▶ _What to work on_: Nothing but the lines from the one containing "91 Bramble Bush Rd, Coventry, RI 02816" to the end of the data should be copied, exactly, and the pictures stay out.

▶ _Material supplied_:
════
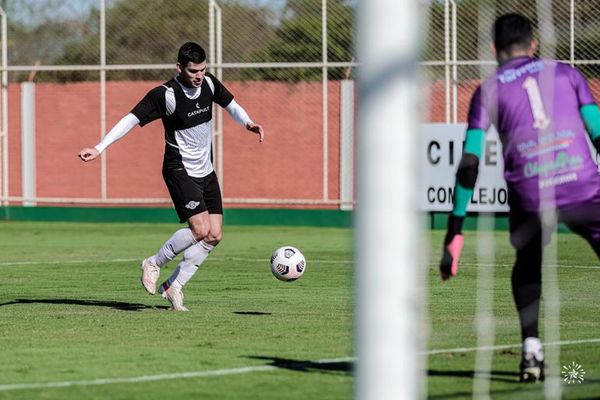 Los titulares golearon 6-2 al puntero de la Intermedia - Libertad - ABC Color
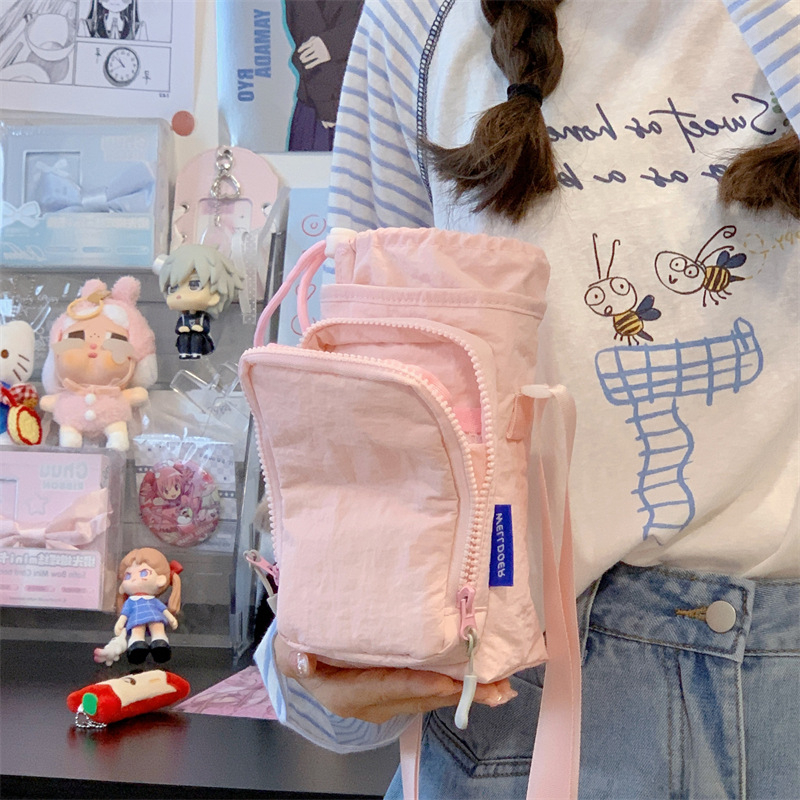 Nylonová cez rameno taška na telefón pre voľný čas a cestovanie, so zipsom a vnútornými priečinkami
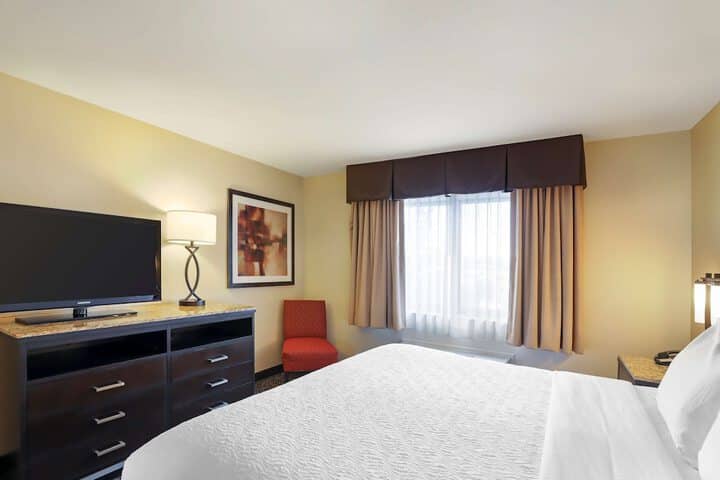 Room 15 of 34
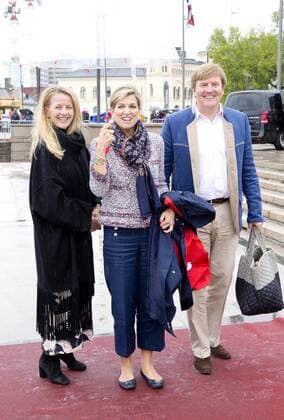 10-05-2017 Norge Royals leaving the Royal Yacht, Norge, to celebrate the 80th birthdays of King Harald V and Queen Sonja in Oslo. King Willem-Alexander and Queen Maxima and Princess Mabel (c) PPE Nieboer OSLO NORWAY  Copyright: xPPE NIEBOERx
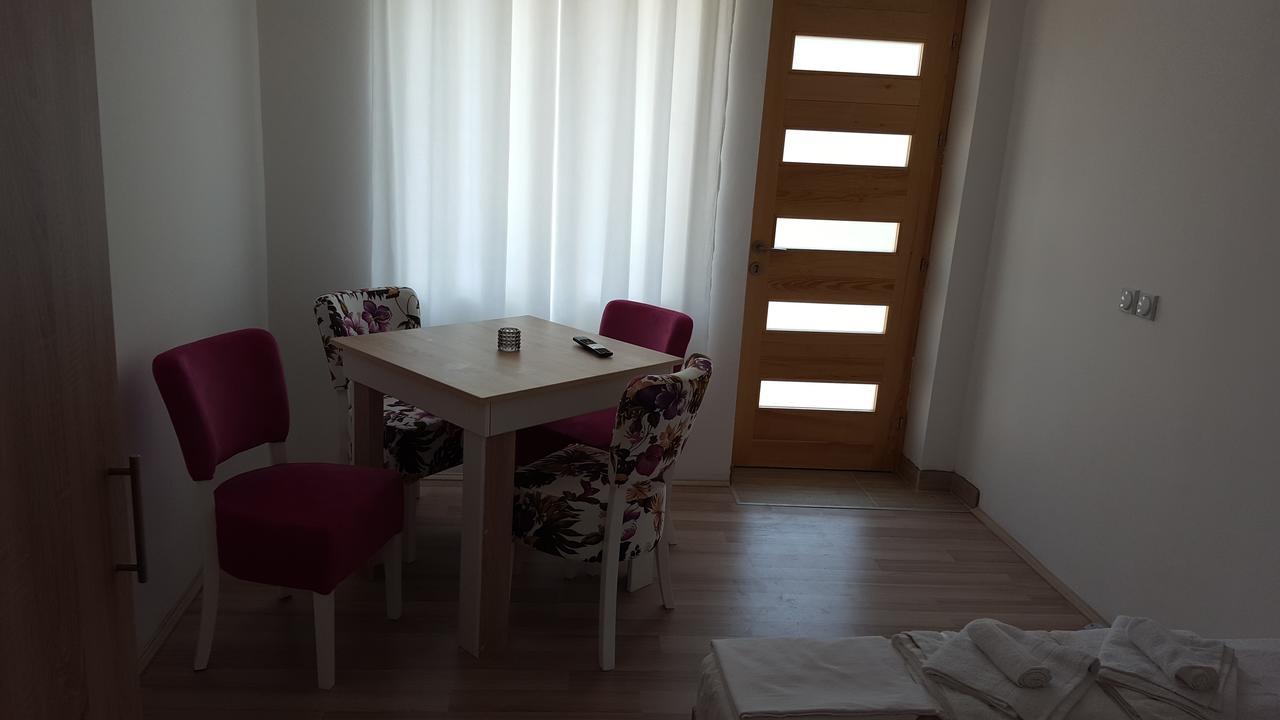 Rooms Ela Ela Prekodolce Exteriör bild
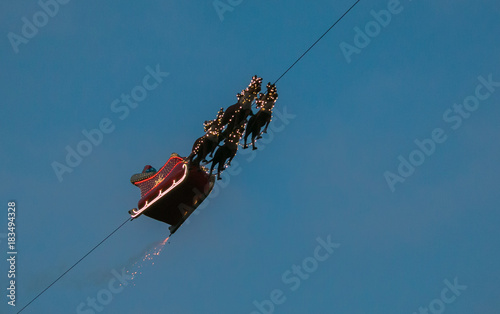 Fotografie Slitta volante con le renne di Babbo Natale a Montreux
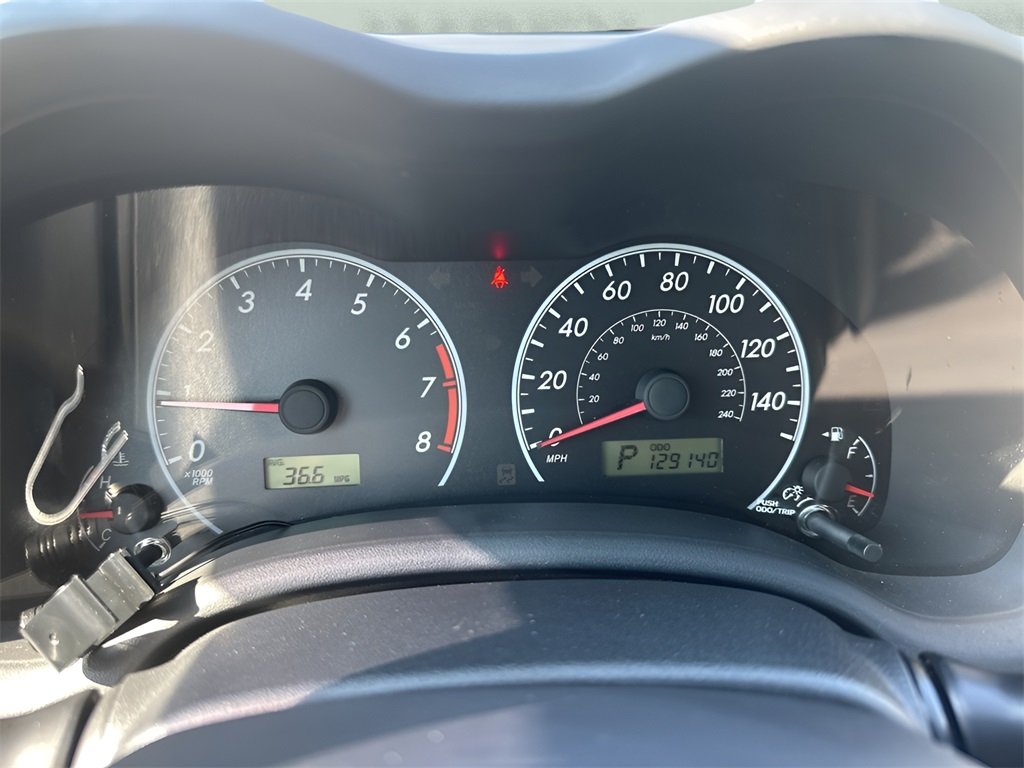 2012 Toyota Corolla LE photo 18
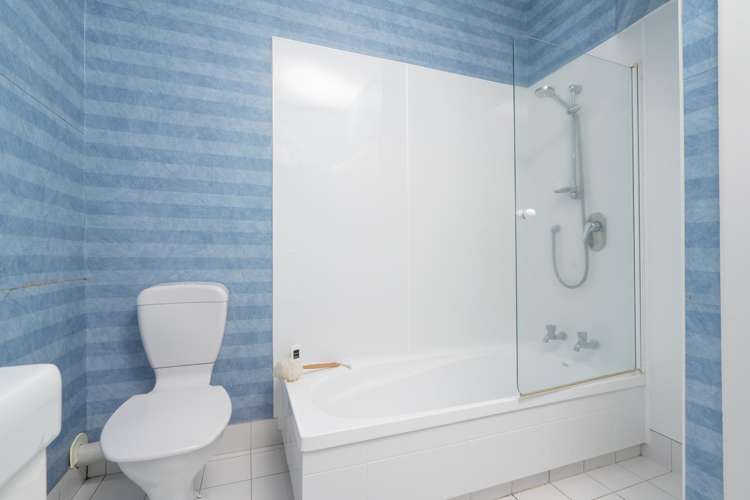 10 Albert Terrace St Martins_18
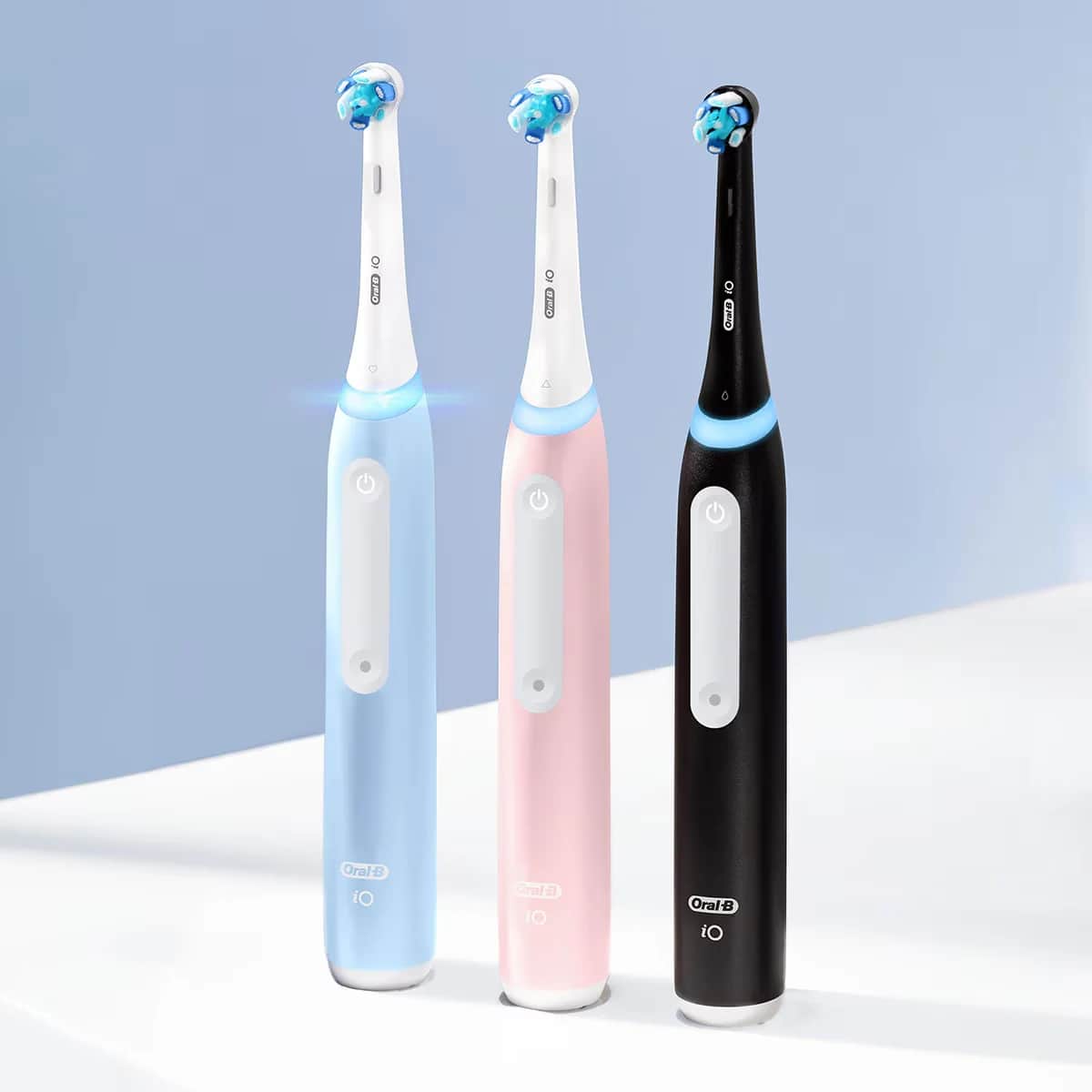Зубная щетка Oral-B Io3 аккумуляторная розовая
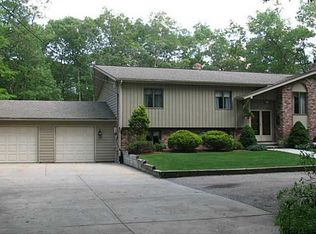 91 Bramble Bush Rd, Coventry, RI 02816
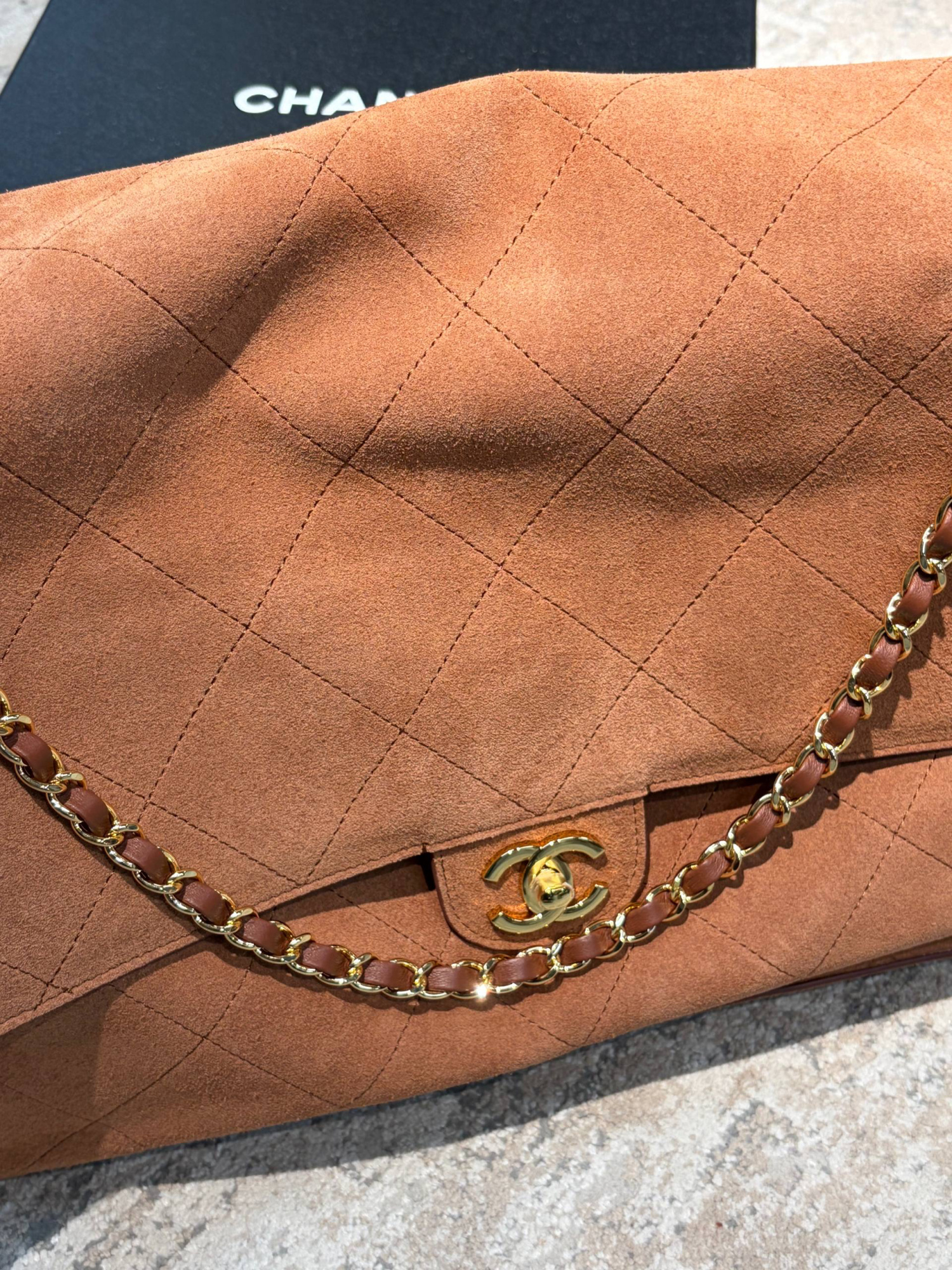 СУМКА CHANEL MAXI FLAP детальное фото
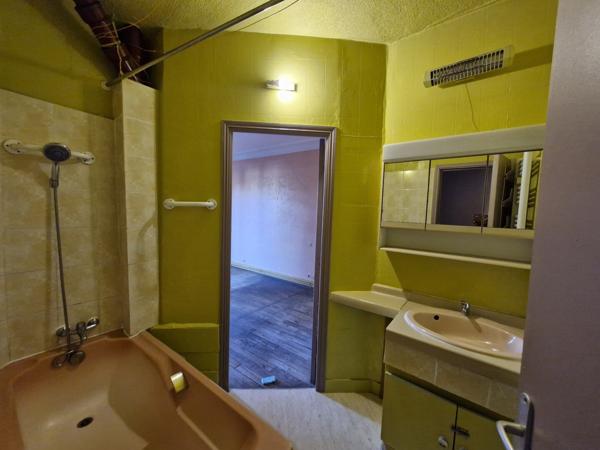 Centre SAINT-DENIS - T3 Beau Potentiel à rénover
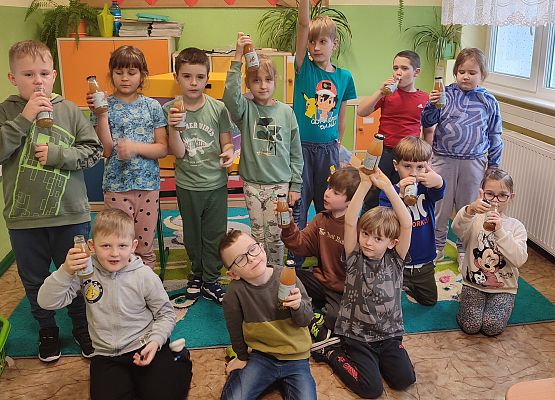 Uczniowie podczas zajęć.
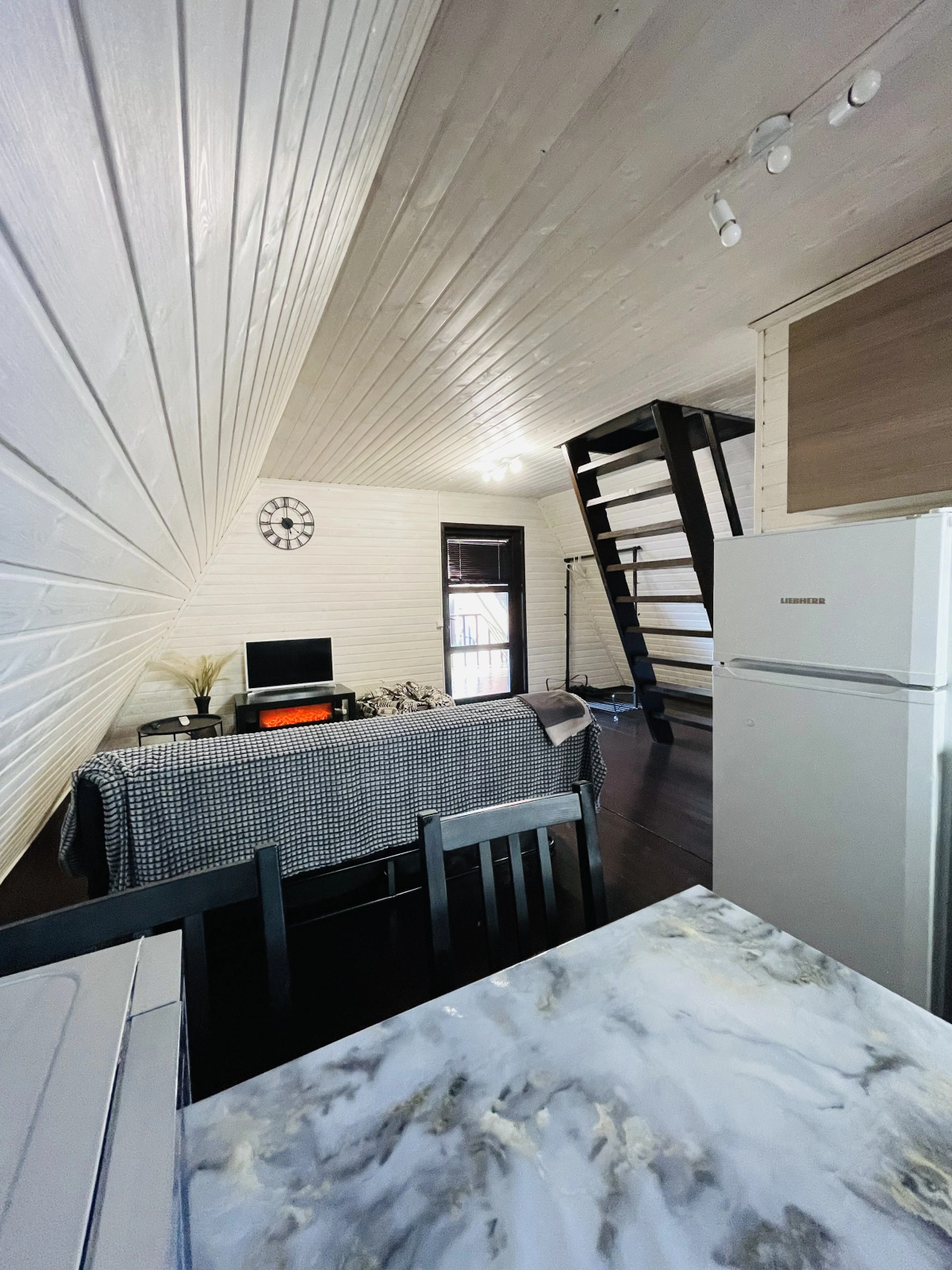 Частный дом на берегу залива Волги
════
▶ _Result for this task_:
 91 Bramble Bush Rd, Coventry, RI 02816
 СУМКА CHANEL MAXI FLAP детальное фото
 Centre SAINT-DENIS - T3 Beau Potentiel à rénover
 Uczniowie podczas zajęć.
 Частный дом на берегу залива Волги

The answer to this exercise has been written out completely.